### Exercise materials

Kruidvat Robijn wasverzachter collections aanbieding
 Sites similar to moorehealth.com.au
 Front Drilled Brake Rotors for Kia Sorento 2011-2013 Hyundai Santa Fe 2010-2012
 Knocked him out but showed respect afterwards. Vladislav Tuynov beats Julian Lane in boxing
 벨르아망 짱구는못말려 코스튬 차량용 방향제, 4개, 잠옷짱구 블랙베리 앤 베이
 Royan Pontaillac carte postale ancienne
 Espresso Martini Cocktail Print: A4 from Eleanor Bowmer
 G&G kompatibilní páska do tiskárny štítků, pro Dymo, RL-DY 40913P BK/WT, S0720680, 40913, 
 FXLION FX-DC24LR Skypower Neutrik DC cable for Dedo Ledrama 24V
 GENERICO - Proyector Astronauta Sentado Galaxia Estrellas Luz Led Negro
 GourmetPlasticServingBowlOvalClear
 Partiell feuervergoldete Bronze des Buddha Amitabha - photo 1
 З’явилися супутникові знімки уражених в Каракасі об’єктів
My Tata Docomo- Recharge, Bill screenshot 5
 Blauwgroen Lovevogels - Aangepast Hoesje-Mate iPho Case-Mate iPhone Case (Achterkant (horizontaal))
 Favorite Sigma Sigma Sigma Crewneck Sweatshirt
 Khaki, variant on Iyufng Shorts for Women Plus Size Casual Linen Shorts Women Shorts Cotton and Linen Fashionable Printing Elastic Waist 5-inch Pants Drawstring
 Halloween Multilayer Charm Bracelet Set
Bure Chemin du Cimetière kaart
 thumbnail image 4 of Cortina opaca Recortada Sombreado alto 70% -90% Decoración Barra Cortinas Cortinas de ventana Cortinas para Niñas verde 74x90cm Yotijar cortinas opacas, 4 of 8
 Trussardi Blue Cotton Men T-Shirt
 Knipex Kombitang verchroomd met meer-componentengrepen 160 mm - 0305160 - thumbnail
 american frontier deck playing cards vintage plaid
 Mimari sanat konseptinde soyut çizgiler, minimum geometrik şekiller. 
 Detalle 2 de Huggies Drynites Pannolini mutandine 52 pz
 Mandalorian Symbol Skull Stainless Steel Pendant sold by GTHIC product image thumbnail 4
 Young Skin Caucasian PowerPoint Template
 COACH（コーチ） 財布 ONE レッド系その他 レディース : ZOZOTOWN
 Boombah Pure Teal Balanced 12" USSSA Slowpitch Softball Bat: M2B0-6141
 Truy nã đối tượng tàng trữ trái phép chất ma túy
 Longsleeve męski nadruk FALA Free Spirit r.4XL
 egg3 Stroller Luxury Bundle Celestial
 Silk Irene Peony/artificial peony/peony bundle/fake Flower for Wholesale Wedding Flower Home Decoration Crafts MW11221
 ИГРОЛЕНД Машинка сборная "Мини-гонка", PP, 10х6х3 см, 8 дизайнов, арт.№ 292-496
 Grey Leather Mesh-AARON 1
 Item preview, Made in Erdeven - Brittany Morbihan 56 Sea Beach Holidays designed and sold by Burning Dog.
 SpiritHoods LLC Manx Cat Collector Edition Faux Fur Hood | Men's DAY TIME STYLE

######

__Task brief__: Starting at the line above that holds "Front Drilled Brake" and ending at the line that holds "Espresso Martini Cocktail", transcribe each line exactly and include no other lines.

__Answer for the task__:
 Front Drilled Brake Rotors for Kia Sorento 2011-2013 Hyundai Santa Fe 2010-2012
 Knocked him out but showed respect afterwards. Vladislav Tuynov beats Julian Lane in boxing
 벨르아망 짱구는못말려 코스튬 차량용 방향제, 4개, 잠옷짱구 블랙베리 앤 베이
 Royan Pontaillac carte postale ancienne
 Espresso Martini Cocktail Print: A4 from Eleanor Bowmer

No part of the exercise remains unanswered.